Collections are almost always used with generics. Using raw types is discouraged.

List<String> names = new ArrayList<>();
Map<Integer, String> map = new HashMap<>();

Note

Generics in collections work through type erasure: Please check the Paragraph "18.4 Type Erasure" in Chapter: 18. Generics in Java.

22.7 Mutability vs. Immutability

Many methods in the Collections API return unmodifiable collections:

List<String> immutable = List.of("a", "b");
immutable.add("c"); // ❌ UnsupportedOperationException

Java provides several ways to create immutable collections:

• List.of(), Set.of(), Map.of()
• List.copyOf(collection)
• Collections.unmodifiableList(...) wrappers
• Records used as immutable value containers

Note

The method Arrays.asList(varargs), which is backed by an array, behaves differently: see examples below.

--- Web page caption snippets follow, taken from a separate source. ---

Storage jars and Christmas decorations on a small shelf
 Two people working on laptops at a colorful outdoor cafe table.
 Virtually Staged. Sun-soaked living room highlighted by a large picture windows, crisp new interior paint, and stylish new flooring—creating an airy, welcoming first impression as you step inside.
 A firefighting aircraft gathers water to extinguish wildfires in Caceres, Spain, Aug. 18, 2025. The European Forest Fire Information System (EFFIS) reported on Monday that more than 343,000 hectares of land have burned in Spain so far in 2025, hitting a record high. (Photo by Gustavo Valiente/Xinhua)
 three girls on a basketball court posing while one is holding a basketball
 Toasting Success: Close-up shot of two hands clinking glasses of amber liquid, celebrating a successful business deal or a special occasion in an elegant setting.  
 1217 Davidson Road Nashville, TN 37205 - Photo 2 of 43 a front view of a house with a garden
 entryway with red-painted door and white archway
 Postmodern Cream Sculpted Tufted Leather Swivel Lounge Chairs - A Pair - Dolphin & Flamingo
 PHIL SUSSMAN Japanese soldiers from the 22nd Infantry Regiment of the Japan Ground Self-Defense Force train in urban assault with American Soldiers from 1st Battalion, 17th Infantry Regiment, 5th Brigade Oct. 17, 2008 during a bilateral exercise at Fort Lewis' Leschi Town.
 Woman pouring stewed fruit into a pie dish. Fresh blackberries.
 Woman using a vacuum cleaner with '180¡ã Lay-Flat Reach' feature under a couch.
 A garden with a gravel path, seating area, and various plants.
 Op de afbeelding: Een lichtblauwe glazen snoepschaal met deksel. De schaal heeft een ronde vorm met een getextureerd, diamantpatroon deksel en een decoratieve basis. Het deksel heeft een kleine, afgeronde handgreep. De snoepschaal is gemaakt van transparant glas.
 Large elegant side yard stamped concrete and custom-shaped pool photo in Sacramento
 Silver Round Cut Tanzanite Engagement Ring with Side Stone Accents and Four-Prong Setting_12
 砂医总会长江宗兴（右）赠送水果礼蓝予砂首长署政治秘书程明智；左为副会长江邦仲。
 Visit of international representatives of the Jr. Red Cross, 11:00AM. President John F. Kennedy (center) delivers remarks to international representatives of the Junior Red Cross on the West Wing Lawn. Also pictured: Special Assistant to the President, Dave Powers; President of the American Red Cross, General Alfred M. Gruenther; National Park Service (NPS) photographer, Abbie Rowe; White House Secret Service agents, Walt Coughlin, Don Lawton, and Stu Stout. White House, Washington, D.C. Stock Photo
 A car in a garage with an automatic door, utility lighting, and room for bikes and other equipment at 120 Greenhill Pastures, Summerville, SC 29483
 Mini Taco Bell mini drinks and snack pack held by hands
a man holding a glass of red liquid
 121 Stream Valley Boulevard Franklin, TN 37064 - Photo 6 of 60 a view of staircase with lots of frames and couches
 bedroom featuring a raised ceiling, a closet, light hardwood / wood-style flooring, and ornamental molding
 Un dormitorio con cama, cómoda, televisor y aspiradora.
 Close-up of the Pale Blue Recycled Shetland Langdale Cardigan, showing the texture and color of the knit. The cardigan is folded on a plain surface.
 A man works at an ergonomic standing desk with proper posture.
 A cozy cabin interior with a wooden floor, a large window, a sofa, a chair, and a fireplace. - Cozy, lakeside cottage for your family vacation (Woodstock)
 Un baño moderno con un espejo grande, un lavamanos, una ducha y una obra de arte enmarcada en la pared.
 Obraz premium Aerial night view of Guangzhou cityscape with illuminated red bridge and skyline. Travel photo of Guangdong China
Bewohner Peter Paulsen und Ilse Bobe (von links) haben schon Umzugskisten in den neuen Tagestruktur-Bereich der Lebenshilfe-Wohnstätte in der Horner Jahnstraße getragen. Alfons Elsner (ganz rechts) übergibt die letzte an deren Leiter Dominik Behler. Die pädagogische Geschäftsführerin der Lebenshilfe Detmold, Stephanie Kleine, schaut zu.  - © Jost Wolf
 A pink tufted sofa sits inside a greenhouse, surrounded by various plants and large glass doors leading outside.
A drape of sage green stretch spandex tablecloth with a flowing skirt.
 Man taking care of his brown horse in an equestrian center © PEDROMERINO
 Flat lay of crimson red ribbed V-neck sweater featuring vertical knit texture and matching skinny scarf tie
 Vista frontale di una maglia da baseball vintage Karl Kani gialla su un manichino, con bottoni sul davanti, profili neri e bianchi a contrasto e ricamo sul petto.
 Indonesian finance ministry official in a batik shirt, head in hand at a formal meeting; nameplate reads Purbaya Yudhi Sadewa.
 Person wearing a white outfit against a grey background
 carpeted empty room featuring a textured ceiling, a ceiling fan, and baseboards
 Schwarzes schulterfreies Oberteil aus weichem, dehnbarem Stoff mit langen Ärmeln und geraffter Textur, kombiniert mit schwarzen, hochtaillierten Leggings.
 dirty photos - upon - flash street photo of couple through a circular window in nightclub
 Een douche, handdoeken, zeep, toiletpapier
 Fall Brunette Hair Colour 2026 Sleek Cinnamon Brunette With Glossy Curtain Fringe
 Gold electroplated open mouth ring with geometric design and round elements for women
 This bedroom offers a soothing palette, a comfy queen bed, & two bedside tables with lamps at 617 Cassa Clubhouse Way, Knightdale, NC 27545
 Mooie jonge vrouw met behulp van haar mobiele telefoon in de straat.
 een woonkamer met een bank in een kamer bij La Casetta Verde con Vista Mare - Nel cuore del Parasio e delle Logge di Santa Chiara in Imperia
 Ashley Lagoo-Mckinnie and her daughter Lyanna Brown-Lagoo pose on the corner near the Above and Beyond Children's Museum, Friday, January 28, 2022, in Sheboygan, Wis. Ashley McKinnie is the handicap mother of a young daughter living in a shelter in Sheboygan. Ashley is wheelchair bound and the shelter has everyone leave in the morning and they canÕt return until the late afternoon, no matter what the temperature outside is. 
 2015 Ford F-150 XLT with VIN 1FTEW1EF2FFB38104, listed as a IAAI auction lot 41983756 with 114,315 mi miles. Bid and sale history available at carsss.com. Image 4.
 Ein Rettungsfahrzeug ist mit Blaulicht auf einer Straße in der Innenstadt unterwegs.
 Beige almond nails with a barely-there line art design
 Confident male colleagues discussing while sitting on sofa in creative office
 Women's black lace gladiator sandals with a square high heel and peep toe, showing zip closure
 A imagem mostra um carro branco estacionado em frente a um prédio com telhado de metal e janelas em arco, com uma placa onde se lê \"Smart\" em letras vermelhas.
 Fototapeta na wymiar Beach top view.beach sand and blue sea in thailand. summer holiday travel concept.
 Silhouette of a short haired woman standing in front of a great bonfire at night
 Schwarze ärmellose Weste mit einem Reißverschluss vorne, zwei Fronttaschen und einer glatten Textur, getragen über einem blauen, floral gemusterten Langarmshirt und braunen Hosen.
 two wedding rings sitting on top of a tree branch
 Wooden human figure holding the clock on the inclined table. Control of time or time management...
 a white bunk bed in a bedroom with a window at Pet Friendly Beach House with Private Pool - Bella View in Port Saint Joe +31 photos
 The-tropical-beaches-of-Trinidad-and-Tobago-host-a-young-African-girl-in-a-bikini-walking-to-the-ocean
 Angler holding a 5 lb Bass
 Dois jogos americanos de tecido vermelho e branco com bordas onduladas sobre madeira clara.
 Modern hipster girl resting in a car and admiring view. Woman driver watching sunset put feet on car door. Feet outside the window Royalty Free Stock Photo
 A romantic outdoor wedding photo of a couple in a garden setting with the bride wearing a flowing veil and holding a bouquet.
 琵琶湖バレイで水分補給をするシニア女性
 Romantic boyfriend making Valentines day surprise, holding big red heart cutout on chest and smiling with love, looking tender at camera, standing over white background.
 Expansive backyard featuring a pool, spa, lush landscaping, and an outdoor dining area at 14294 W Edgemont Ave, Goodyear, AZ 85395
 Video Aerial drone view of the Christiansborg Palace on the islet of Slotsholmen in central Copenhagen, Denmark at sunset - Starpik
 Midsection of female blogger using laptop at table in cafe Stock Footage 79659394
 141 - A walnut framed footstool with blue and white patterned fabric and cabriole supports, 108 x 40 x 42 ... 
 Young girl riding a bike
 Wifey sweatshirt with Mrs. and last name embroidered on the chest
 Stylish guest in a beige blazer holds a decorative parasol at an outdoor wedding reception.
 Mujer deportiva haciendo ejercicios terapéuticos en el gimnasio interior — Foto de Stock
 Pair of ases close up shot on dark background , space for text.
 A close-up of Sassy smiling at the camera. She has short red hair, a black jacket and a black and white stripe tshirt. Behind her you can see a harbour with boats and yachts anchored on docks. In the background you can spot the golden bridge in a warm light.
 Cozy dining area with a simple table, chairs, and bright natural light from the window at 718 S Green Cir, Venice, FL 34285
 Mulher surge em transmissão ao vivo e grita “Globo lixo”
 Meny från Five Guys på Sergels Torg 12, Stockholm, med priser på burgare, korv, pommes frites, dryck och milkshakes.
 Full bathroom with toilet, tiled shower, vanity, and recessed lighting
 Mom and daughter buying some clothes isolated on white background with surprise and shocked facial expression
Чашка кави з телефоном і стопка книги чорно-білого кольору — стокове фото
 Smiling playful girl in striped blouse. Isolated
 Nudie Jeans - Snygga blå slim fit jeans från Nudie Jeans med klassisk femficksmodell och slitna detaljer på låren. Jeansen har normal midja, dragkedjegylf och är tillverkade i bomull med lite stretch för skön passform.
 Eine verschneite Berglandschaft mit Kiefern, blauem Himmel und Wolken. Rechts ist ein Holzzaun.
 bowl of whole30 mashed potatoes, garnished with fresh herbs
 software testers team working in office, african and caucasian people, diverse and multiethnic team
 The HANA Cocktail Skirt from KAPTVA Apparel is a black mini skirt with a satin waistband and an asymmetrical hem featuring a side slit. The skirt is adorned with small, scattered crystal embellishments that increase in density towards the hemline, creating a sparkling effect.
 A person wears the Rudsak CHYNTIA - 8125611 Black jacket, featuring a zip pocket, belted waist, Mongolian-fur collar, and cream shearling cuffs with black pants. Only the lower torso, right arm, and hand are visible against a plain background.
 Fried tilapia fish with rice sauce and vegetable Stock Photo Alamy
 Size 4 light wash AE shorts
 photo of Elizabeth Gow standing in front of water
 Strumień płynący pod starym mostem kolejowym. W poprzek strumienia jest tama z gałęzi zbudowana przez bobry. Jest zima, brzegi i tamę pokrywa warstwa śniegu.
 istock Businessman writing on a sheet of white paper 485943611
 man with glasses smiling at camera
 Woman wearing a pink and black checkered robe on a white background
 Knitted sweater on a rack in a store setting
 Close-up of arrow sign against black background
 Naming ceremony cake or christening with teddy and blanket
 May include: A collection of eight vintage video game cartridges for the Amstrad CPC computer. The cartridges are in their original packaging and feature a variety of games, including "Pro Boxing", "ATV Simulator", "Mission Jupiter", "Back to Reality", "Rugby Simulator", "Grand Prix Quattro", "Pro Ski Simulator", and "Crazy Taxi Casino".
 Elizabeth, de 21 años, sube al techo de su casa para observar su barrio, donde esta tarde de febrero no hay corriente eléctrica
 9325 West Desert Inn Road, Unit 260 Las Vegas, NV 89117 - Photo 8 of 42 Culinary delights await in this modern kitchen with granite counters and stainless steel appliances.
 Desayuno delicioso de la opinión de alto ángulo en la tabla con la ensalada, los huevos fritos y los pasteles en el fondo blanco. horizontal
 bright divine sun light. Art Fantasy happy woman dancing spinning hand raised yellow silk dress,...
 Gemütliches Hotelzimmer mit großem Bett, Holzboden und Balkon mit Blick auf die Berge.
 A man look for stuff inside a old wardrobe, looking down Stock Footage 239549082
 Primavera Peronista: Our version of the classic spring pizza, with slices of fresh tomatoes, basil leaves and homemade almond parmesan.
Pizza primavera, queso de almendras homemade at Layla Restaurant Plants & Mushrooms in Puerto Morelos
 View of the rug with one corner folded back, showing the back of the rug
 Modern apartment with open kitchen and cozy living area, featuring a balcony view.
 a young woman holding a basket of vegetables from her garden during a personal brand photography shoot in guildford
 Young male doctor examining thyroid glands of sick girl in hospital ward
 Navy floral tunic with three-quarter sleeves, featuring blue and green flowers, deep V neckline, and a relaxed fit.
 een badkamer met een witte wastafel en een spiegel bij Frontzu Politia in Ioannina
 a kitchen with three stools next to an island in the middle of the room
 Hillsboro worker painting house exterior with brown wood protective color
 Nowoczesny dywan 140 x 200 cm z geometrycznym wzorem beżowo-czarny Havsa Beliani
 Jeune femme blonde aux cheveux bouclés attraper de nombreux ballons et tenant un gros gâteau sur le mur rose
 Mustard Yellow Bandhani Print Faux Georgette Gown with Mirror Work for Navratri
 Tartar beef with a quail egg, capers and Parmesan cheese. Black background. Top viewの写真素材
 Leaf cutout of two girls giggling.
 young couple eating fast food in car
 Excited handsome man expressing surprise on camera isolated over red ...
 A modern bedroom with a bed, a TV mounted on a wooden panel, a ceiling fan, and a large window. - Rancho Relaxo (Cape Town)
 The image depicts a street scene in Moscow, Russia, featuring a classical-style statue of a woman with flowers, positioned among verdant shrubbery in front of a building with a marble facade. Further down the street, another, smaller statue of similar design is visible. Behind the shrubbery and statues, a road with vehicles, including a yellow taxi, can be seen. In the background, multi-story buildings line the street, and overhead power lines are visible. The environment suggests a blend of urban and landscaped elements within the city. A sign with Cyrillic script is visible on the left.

String[] vargs = new String[] {"u", "v", "z"};
List<String> fromAsList = Arrays.asList(vargs);

List<String> immutable1 = List.of(vargs);
immutable1.add("c"); // ❌ UnsupportedOperationException

List<String> immutable2 = List.copyOf(fromAsList);
immutable2.set(0, "k"); // ❌ UnsupportedOperationException


// We can't ADD or REMOVE elements from "fromAsList" but we can replace them,
// either by modifying the underlying array "vargs" or by mutating the list itself:


fromAsList.set(0, "k");  // the update will be reflected on the backing array as well.

Note

Arrays.asList(...) returns a fixed-size, but mutable, List view backed by the original array. You cannot add/remove elements, but you can replace existing ones.

22.8 Big-O Performance Expectations

Understanding complexity is essential. Here are common examples:

Type	Methods	Complexity
ArrayList	get(), add(), remove()	O(1), amortized O(1), O(n)
LinkedList	get(), add/remove first/last	O(n), O(1)
HashSet	add(), contains(), remove()	~ O(1)
TreeSet	add(), contains(), remove()	O(log n)
HashMap	get()/put()	~ O(1) on average
TreeMap	get()/put()	O(log n)
Deque	add/remove first/last	O(1)

Note

These values are averages; worst-case may be different (especially for hash-based structures).

22.9 Summary

• The Collection Framework is built on a small set of core interfaces.
• Java 21 adds Sequenced Collections to unify ordering behavior.
• Maps are not Collections — they form a parallel hierarchy.
• Collections rely heavily on generics.
• Mutability matters — factory methods often return immutable collections.
• Performance characteristics are predictable.